Словом, как мне кажется, в отдельных определяющих вектор рассказа – от начальной до конечной точки – эпизодах, увы, не хватает достоверности. В них совокупность артикуляционных и выразительных средств исполнителей не дотягивает до того уровня правдоподобия, которое позволяет всевозможным условностям кинопроизводства переходить в искомое качество, коррелирующее с безусловной зрительской вовлечённостью. Поэтому, в частности, романтическая и мелодраматическая линии, отданные в угоду принципам реализации пресловутого байопика, кажутся здесь рудиментарными.

Сразу же следует оговориться, что Давис Симанис как автор силён и чрезвычайно убедителен как раз на близкой ему по режиссёрскому менталитету территории – в изучении пограничных состояний, возникающих как следствие метафизического препарирования реальности. К трансгрессивному опыту отсылают, например, лезвие бритвы, подложенной актрисой-завистницей в сценическую фату Марии Лейко, и стекающая по её лицу кровь – такое прочтение гораздо интереснее, чем никак не отыгрываемое далее проявление закулисных козней. Или – прорвавшаяся на заснеженной улице канализация (естественно, этот план снят неподвижной камерой).
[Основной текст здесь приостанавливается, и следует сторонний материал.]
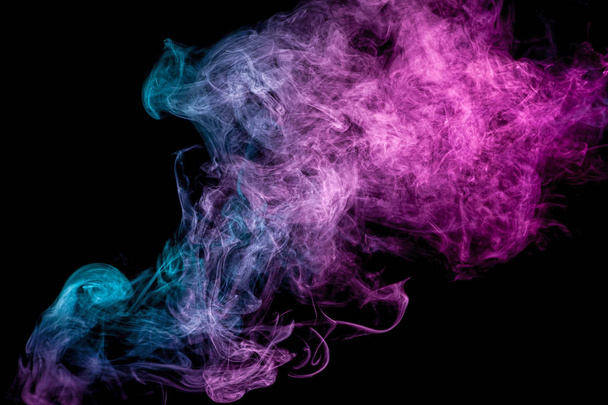 Giftige beweging van kleur blauw en roze rook abstract op zwarte achtergrond, Fire design. Fantasie print voor kleding: t-shirts, sweatshirts - Foto, afbeelding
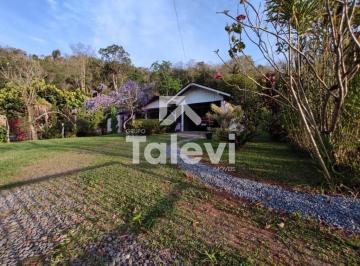 Casa · 1369m² · 2 Quartos · 1 Vaga · Casa com amplo terreno em Testo Rega | Oportunidade rara!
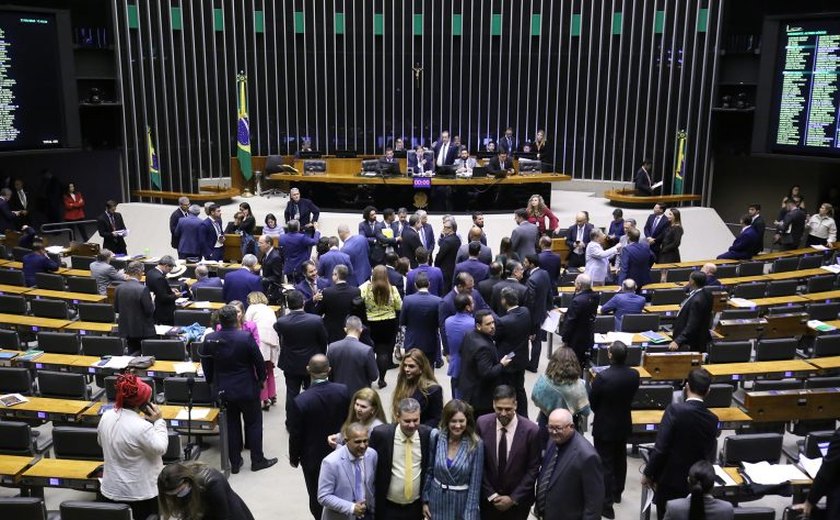 Deputados analisam projeto que cria a Lei do Mar; acompanhe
К проявлениям задействованной в фильме трансгрессивности (разумеется, сопоставимой с вынесенной за рамки повествования гибелью персонажей, с которыми за полтора часа свыкаешься; а ведь смерть – важнейший трансгрессивный акт) можно отнести даже ледоход на Москве-реке. Не говоря уже о нередких проявлениях приземлённой физиологии, таких как опьянение, экстаз, рвота, мочеиспускание. Наивысшей точки преодоление бытийных границ достигает в эпизоде дня рождения наркома Ежова. В нём размашистая карнавальность в духе позднего Эйзенштейна резко приближает к интерпретативной точке, с которой в творении Дависа Симаниса можно рассмотреть сущностные аспекты, идущие вразрез с сугубо историческим контекстом. Не соответствует упрощённой трактовке и возникающая как следствие проникновения в трансгрессивное поле мощь репетиций латышского театра в Москве.

На мой взгляд, именно эти многочисленные вкрапления сугубо кинематографических усилий по постижению сложности и многообразия жизни во всей её полноте – полноте, раскрывающейся в первую очередь через маргинальные, отвергаемые приличиями, тёмные и порой принципиально непостижимые стороны бытия, – а не взятая в финале нота героической патетики, придают фильму уникальное очарование.
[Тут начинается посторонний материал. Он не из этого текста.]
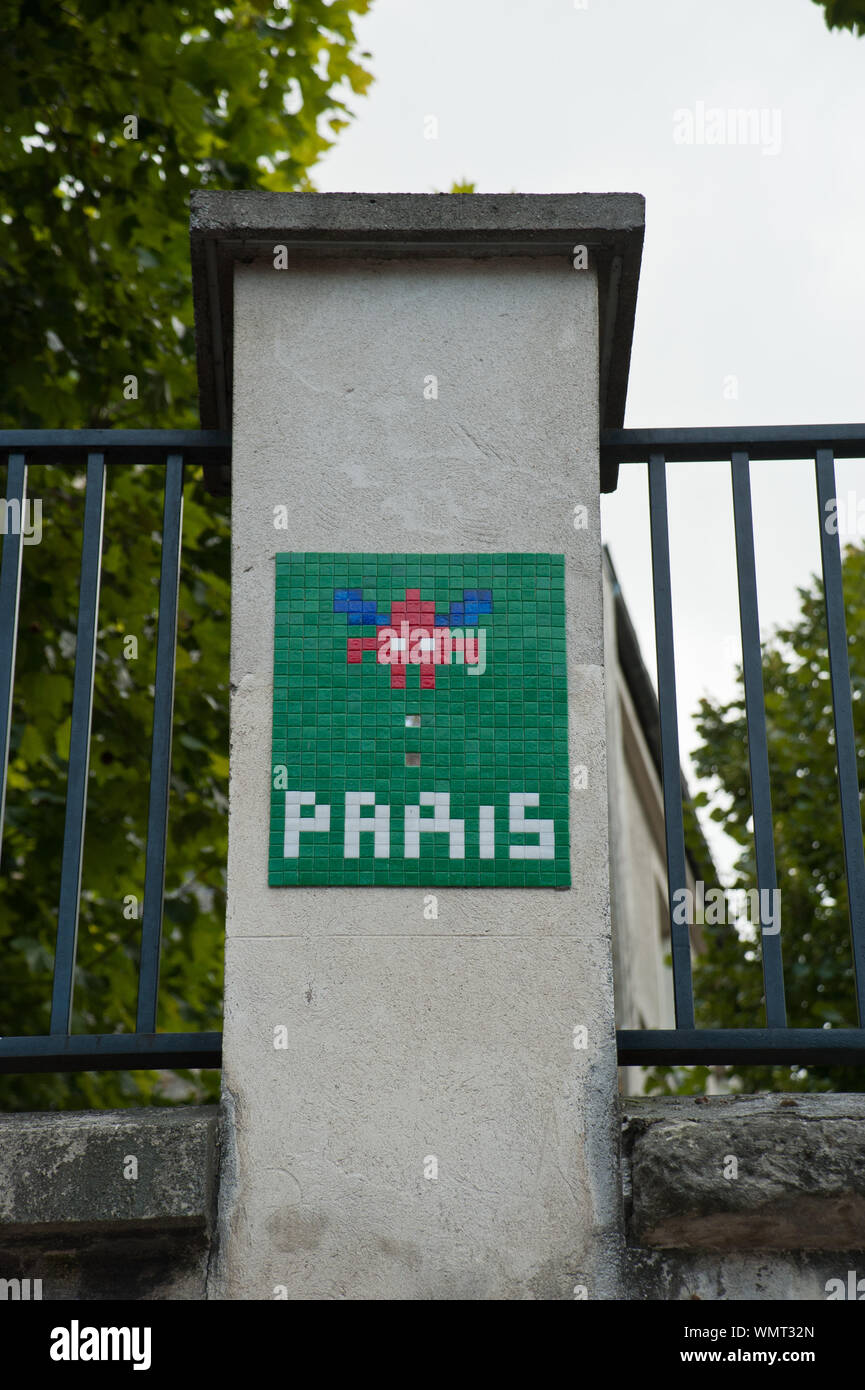 Parigi, Arte di strada da spazio invasore Foto Stock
Так что "Молчание Марии" – не только и не столько о трагическом исходе яркой судьбы Марии Лейко. Драматизм жизненных перипетий отдельно взятого человека (судя по общему подходу режиссёра, всегда помещённого в контекст "минут роковых") на примере конкретной исторической личности – для Симаниса только повод дерзко и пристально взглянуть на механизмы экзистенциальных разломов, чтобы самим этим жестом извлечь из молчания и забытья голос этической неуспокоенности.